Archive for October, 2004

election links

Saturday, October 30th, 2004

I’m doing some last-minute reading-up on election issues this weekend, in hopes I can find some reason to vote for, rather than against, somebody. This essay in The Economist could probably be used in support of either candidate, though they hesitantly favor Kerry. I’ll continue posting links (perhaps some by people who can actually vote in this election!) if I find anything interesting.
One from U.S. News & World Report on the fear factor and how things have changed.

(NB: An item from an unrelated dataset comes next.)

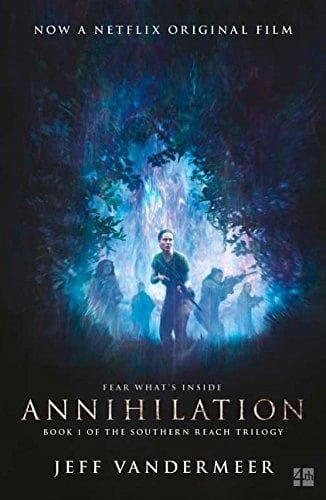Annihilation by Jeff Vandermeer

Sunday, October 24th, 2004

On Friday Andy arrived at my temporary place of employment to pick me up, bringing with him a Jello and a broken car. The Jello was for the potluck/Bible study we were supposed to go to that night; the broken car was (probably) due to a faulty new alternator which was installed that day. Apparently Andy had a Bermuda Triangle experience while traveling down I-96, in which all the idiot lights blinked on one at a time, then began flashing in unison, while the electricity began flickering on and off. He barely made it to my TPOE’s parking lot before it died altogether. So we called AAA, which came promptly and delivered the car to the mechanic and us home. The Jello has lived a much more eventful life than most Jellos, having received a tour of the TPOE’s refrigerator and a ride in the tow truck, and is now being enjoyed by us instead of the potluckers while we’re waiting on tenterhooks to find out what the damage is this time.
In other news, the latest Netflix offerings have been Guys and Dolls and Mean Girls. This 1955 version of Guys and Dolls didn’t live up to my first experience with it, when performed at Lincoln, Nebraska’s Community Playhouse, but it was interesting to see Marlon Brando sing. Mean Girls was about what I expected. I’m a sucker for these teen revenge of the nerdy girls comedies.

no comment.

Tuesday, October 19th, 2004



Thursday, October 7th, 2004

I finally signed up with a temp agency, and have an assignment which started this week and lasts two weeks more. It is definitely the most boring job I’ve ever had, even worse than painting guide posts, but somehow I don’t mind it. I can listen to music all day and not think about anything. It’s pleasant.
Bumper sticker I recently saw: “I’m the Christian that the devil and the liberal media warned you about.” Doesn’t matter what you think about Christians, the devil, or the media: that’s one good bumper sticker.

a political post

Friday, October 1st, 2004

It’s interesting the way extremes start to become each other. Here’s Barbara Ehrenreich, proposing to disenfranchise anybody who votes Republican by demanding a recall of the duly elected President (or instigating a bloody coup, it’s quite ambiguous what exactly she’s proposing here), should he turn out to be a Republican. This is on behalf of disenfranchisement of minority voters, since she’s already decided any Republican victory will necessarily have been the result of fraudulent…disenfranchisement. (Already tired of that word). I’m not sure of the point of the part of her article where she tries to determine what institution will give the official word re. election fraud, since it’s clear the issue has already been decided.
Apparently, I’ve sunk low enough to start attacking The Progressive, ordinarily much too easy a target. See what this election is doing to me?!?
(In order to attempt to maintain my bipartisan status, I’ll be looking for some conservative commentator to get exasperated with next.)